=== WHAT YOU ARE ASKED TO DO ===
Give again, word for word, each line below starting at the one that contains "a bedroom with a blue" and ending at the one that contains "Jet plane seconds".

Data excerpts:
===============

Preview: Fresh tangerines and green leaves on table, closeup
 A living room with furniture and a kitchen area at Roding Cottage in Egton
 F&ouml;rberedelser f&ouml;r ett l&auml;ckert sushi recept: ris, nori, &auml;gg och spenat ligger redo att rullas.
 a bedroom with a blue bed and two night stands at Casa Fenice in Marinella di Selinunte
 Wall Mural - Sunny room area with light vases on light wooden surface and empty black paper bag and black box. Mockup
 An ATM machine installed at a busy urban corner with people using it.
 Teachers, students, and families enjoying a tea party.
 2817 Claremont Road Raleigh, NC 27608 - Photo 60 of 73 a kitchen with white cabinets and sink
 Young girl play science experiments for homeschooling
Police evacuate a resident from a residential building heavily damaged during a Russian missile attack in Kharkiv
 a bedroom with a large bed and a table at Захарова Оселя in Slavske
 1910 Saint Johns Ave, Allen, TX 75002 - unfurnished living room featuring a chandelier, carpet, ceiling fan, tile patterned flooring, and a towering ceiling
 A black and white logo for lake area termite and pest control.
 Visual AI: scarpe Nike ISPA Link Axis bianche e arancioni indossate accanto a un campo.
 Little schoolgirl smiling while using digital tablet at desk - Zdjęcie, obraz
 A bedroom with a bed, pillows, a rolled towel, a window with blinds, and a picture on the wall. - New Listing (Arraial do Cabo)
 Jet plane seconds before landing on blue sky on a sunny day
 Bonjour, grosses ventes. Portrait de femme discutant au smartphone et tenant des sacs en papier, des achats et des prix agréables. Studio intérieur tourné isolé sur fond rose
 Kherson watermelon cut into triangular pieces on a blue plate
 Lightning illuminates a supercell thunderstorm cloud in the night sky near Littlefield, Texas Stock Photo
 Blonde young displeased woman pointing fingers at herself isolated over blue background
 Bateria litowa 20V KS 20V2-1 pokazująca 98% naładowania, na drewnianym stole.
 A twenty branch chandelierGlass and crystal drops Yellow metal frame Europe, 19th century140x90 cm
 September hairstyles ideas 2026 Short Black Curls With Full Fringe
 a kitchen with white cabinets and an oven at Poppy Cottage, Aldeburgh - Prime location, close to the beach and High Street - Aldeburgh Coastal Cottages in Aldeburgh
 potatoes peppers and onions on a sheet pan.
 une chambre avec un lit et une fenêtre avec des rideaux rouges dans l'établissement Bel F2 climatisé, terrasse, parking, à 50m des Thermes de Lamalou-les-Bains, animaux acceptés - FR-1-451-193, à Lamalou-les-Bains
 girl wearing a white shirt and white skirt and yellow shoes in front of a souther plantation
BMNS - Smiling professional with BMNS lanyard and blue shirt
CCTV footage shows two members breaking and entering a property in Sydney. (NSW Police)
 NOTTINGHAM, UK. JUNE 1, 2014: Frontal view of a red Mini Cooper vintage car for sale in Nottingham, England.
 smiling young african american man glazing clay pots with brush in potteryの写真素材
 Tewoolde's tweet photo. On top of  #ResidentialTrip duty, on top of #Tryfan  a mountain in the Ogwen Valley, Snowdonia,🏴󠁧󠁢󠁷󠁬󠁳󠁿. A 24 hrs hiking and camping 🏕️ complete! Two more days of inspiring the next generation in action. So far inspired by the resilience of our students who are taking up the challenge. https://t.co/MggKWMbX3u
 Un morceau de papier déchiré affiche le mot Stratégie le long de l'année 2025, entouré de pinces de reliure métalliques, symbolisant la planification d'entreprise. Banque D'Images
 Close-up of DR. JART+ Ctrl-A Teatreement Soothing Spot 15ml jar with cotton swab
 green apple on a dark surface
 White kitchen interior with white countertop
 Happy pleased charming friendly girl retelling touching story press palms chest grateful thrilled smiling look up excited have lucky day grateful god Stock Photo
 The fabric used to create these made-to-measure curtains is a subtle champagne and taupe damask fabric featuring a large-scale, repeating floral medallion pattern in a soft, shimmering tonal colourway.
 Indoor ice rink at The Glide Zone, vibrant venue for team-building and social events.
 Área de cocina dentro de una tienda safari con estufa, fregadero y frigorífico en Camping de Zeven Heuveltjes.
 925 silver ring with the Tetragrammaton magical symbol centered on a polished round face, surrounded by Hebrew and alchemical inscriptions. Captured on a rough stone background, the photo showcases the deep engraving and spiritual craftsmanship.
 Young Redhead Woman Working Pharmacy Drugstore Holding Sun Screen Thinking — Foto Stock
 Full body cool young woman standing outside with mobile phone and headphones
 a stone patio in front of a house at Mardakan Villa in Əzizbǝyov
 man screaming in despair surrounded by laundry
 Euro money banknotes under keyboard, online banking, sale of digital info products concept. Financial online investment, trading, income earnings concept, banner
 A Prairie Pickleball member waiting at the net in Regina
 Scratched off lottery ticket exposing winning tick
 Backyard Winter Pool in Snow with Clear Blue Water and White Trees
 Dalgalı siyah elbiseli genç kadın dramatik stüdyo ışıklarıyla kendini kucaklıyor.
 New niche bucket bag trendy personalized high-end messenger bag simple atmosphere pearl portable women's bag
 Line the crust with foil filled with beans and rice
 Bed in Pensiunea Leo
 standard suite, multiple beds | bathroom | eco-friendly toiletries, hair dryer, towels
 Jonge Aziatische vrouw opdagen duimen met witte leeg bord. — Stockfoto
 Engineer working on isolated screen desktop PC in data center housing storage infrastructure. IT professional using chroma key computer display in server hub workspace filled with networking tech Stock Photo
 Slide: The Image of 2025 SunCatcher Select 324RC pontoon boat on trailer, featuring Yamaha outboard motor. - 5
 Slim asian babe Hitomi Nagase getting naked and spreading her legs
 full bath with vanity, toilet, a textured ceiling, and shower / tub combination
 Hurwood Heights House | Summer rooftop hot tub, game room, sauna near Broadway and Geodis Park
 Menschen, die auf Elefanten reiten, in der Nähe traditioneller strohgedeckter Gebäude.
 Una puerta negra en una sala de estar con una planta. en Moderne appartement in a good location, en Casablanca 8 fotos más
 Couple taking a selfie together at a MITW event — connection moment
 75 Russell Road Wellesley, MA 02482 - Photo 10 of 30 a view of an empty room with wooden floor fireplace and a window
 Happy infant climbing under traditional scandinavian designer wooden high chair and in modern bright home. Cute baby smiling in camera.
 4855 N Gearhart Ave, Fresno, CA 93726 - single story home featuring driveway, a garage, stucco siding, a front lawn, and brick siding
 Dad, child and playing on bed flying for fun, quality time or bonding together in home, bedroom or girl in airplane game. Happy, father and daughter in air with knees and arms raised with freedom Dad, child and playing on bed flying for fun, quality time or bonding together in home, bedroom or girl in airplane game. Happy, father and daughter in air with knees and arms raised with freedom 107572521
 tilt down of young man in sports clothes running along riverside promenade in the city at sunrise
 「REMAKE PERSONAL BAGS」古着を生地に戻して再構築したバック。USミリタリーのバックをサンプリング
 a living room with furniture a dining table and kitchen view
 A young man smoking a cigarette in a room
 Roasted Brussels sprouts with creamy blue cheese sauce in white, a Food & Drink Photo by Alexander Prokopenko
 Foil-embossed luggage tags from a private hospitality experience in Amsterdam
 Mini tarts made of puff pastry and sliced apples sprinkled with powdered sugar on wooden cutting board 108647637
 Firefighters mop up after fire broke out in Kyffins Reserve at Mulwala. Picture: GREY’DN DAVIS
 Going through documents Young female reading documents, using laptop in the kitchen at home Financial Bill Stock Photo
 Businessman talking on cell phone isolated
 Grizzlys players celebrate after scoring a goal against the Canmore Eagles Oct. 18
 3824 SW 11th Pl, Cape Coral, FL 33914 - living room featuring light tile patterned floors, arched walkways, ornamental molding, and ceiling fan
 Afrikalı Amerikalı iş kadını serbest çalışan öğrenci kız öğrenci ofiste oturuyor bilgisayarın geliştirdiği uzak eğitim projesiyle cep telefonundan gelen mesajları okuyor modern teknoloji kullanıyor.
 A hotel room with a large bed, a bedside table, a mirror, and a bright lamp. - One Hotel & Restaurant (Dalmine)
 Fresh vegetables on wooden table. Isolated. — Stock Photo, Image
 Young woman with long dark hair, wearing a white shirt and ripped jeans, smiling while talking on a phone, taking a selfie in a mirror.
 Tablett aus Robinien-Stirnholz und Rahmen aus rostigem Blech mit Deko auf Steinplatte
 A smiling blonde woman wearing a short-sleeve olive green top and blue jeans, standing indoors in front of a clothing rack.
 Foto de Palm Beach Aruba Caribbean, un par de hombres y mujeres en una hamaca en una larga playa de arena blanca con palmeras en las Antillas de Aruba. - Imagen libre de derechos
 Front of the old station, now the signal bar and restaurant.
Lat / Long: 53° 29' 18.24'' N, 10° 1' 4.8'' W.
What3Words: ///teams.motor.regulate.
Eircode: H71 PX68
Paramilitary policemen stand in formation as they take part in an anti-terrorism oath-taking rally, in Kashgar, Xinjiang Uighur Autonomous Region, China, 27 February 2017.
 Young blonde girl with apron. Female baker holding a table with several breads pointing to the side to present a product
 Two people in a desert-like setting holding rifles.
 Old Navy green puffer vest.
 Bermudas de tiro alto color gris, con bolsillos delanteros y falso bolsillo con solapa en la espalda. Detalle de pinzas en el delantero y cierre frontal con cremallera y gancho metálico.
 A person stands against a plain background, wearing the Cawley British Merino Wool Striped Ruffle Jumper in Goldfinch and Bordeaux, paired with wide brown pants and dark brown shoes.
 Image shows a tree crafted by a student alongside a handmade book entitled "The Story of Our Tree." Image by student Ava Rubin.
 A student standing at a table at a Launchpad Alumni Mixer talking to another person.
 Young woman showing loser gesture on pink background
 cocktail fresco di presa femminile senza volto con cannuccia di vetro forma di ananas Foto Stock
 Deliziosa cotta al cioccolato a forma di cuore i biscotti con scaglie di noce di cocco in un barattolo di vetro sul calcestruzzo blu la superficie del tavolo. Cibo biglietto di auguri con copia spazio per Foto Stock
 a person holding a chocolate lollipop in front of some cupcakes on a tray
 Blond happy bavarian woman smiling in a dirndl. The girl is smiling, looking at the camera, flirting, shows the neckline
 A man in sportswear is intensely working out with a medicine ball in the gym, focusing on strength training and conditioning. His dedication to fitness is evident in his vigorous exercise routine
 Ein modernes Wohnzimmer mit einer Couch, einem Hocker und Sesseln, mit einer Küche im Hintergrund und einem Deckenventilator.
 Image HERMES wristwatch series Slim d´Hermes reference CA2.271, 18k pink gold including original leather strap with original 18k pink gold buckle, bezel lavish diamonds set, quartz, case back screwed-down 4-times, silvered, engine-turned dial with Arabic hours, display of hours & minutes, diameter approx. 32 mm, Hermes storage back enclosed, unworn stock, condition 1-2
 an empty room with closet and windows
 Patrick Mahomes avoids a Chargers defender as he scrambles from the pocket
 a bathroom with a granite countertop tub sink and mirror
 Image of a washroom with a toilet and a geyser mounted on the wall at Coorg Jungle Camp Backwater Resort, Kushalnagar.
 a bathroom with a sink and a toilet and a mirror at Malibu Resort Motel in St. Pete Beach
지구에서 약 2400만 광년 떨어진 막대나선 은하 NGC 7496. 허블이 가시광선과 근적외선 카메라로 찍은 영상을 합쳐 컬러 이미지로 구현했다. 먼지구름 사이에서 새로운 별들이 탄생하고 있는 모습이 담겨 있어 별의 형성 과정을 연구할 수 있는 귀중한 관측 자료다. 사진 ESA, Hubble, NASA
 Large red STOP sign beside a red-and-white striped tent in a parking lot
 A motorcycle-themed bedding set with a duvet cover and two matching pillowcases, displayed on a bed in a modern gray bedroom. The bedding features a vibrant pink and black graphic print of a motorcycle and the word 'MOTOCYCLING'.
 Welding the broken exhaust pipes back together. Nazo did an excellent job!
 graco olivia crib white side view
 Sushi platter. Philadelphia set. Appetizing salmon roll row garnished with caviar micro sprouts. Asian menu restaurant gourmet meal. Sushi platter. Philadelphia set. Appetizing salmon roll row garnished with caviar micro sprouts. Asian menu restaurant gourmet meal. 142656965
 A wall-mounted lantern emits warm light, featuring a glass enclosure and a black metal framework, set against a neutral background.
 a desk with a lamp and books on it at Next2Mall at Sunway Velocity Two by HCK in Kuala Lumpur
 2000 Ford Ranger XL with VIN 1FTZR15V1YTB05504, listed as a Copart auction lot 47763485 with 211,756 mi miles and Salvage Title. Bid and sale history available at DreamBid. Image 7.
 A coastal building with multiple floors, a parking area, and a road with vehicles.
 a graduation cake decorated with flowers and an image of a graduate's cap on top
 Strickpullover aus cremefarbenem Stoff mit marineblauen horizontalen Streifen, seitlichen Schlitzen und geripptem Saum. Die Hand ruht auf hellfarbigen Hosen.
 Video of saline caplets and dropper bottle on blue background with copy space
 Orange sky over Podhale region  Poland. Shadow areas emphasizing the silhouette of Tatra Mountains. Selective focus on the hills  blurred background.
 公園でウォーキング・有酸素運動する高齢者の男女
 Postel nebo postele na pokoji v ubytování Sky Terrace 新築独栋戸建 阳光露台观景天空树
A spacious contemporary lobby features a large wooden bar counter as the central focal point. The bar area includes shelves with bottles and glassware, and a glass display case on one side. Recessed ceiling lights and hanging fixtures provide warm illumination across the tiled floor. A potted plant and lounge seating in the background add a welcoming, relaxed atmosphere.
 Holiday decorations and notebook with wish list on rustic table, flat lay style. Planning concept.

===============

=== OUTPUT ===
 a bedroom with a blue bed and two night stands at Casa Fenice in Marinella di Selinunte
 Wall Mural - Sunny room area with light vases on light wooden surface and empty black paper bag and black box. Mockup
 An ATM machine installed at a busy urban corner with people using it.
 Teachers, students, and families enjoying a tea party.
 2817 Claremont Road Raleigh, NC 27608 - Photo 60 of 73 a kitchen with white cabinets and sink
 Young girl play science experiments for homeschooling
Police evacuate a resident from a residential building heavily damaged during a Russian missile attack in Kharkiv
 a bedroom with a large bed and a table at Захарова Оселя in Slavske
 1910 Saint Johns Ave, Allen, TX 75002 - unfurnished living room featuring a chandelier, carpet, ceiling fan, tile patterned flooring, and a towering ceiling
 A black and white logo for lake area termite and pest control.
 Visual AI: scarpe Nike ISPA Link Axis bianche e arancioni indossate accanto a un campo.
 Little schoolgirl smiling while using digital tablet at desk - Zdjęcie, obraz
 A bedroom with a bed, pillows, a rolled towel, a window with blinds, and a picture on the wall. - New Listing (Arraial do Cabo)
 Jet plane seconds before landing on blue sky on a sunny day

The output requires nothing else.